[Exercise data]

..............................

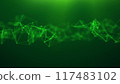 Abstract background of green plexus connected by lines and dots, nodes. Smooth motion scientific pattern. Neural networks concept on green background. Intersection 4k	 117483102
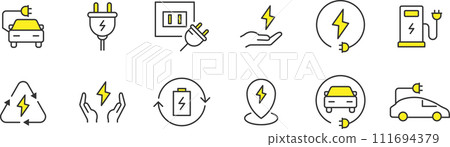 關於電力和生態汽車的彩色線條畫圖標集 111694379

..............................

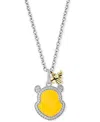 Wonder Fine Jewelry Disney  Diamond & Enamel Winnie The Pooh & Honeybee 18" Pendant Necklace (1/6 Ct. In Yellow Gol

..............................

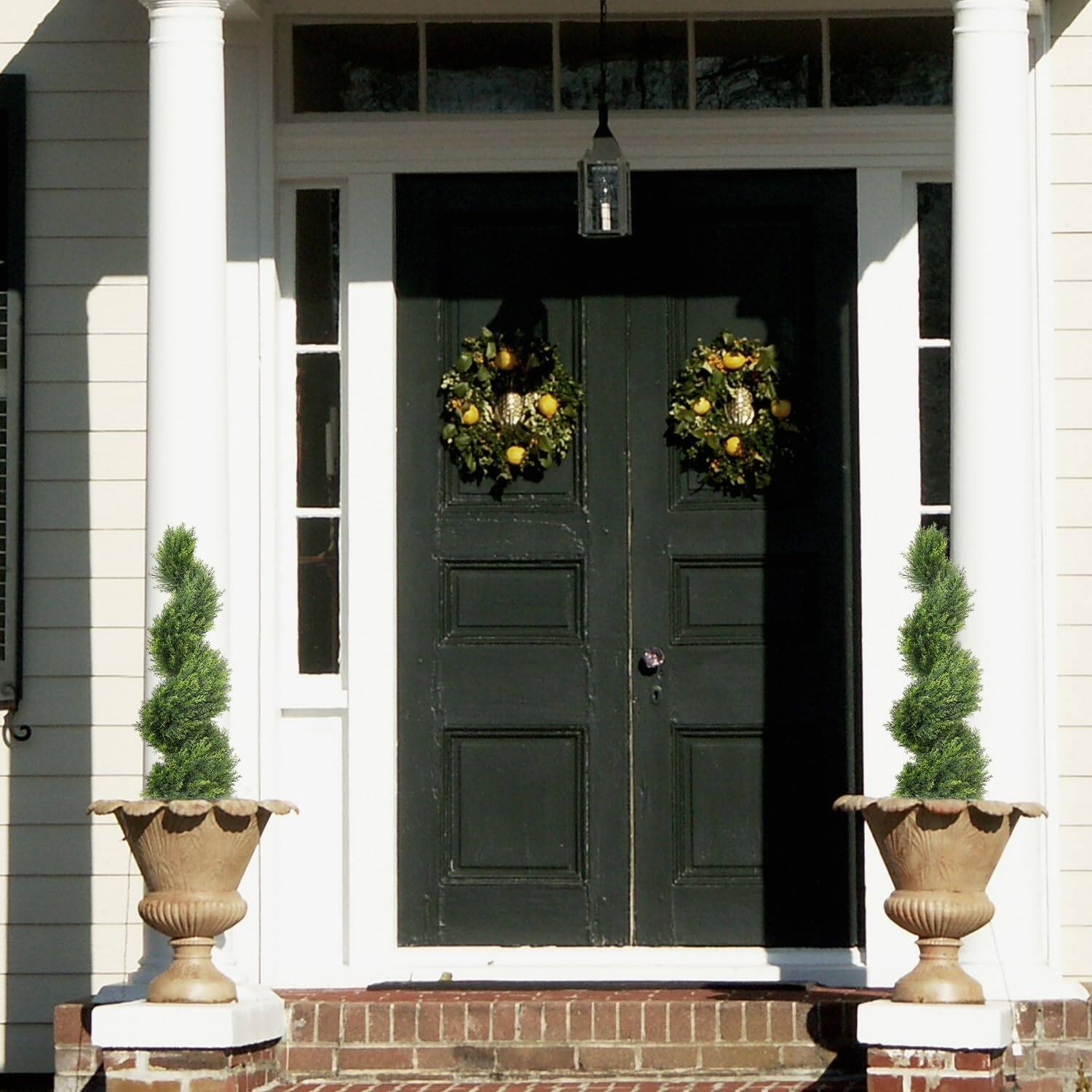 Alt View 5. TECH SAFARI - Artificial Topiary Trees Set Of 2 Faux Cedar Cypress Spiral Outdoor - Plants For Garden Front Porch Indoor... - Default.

..............................

[Requirement]
The response must repeat exactly the lines above from the one with "Abstract background of" through the one with "關於電力和生態汽車的彩色線條畫圖標集 111694379", including both, and must contain no pictures and no other text.

[Result of this task]
 Abstract background of green plexus connected by lines and dots, nodes. Smooth motion scientific pattern. Neural networks concept on green background. Intersection 4k	 117483102
 關於電力和生態汽車的彩色線條畫圖標集 111694379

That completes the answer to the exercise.